My family is Italian on both sides, and boy, do we have some great recipes. The first one I want to share is my favorite thing in the world: bread!
Bread seems intimidating, I think, but it really isn’t. It just takes a while - letting it rise for about 2 hours in total then baking for another 45 minutes. It’s worth it!
This is my Grandma T’s recipe - I’ve made bread with recipes I’ve found on Pinterest, but this is the first time I’ve used hers. And both of my little old Italian grandmas have given me recipes that basically have no measurements, like “some vanilla” or “enough flour”. When I’ve asked questions, the response I usually get is “you’ll know”.
First, we’ll start with a cup and a half of warm water. Not hot, because that’ll kill the yeast - basically, be able to dip your fingers into it without burning yourself. Please, don’t burn yourself.
To that I added one and a half tablespoons of sugar and a packet of dry yeast (about two and a quarter teaspoons). I mixed them around and let it sit for about 10 minutes.
While the yeast did it’s thing, in a big bowl I mixed three cups of flour, a half tablespoon of salt, and a tablespoon and a half of olive oil. I made a well (God, did Grandma T ever love making her flour wells) and dumped the yeast mixture in.
I mixed it with a wooden spoon, and it sort of formed a sticky, shaggy dough. This is where the instructions become unclear - because Grandma T would say “use as much flour as you need”. ???? Okay den.
If you have a Kitchenaid mixer, for the love of God, use it. In my current WIP the main character is a cook in a sort of medieval fantasy world and does everything by hand, so I thought I’d sort of use her as inspiration to not use mine. And I already went to the gym today but I got another workout in, I guess.
I turned the mixture out into about a half cup of flour and started to knead. To be honest, I didn’t keep track of the time because I didn’t want to know. But I kneaded a lot. And I gradually added flour as I went, probably using 4.5 cups in total (including the initial 3). You want it to be smooth and hold as much flour as possible.

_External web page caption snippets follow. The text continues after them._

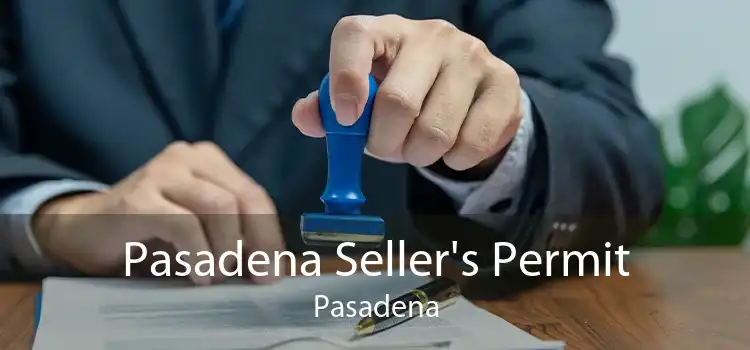 Pasadena Seller's Permit Pasadena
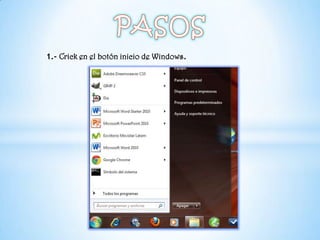 PASOS1.- Crick en el botón inicio de Windows.
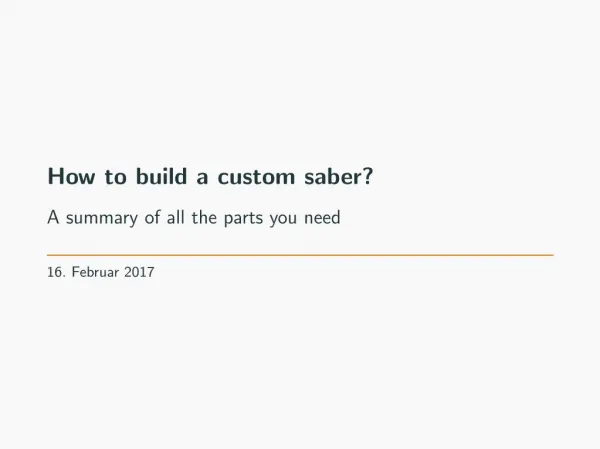 How to build a custom saber?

It shouldn’t be sticky at all.
Here was my finished product. If you use a Kitchenaid mixer and let it go for about 10 minutes, it’ll be smooth as a baby’s butt (and should stick to the bottom, but not the sides). If you choose to hand-knead, like I did, you might lose feeling in your arms and think, hm, this isn’t very smooth but it’s going to have to be good enough.
This is one of my favorite tricks - Grandma J told me when letting dough rise, turn the oven on the lowest setting and right before you put the dough in, turn it off and close the door. It’ll create a nice, warm draft-free environment for the dough.
Don’t mind the picture of my oven. It’s older than I am, I think, and is splattered with bacon grease. I need to clean.
i put my dough ball in a nice, big metal bowl that I smeared a drizzle of olive oil around in, put it in the oven, and skipped off to my living room to watch Dumplin’.
Here it is after an hour of rising. There’s nothing like throwing your fist into a warm, risen ball of dough.
When Grandma T said to punch it, she meant punch it. Right?
I shaped it into my loaf and let it rise in the oven for another hour.
Beautiful. Then, I scored it and preheated my oven to 350 degrees, then let the loaf bake for about 45 minutes.
Yum! And that’s it! I would recommend moving the loaf to a cooling rack so that the bottom doesn’t trap heat and get soggy, and also to let it cool before cutting into it.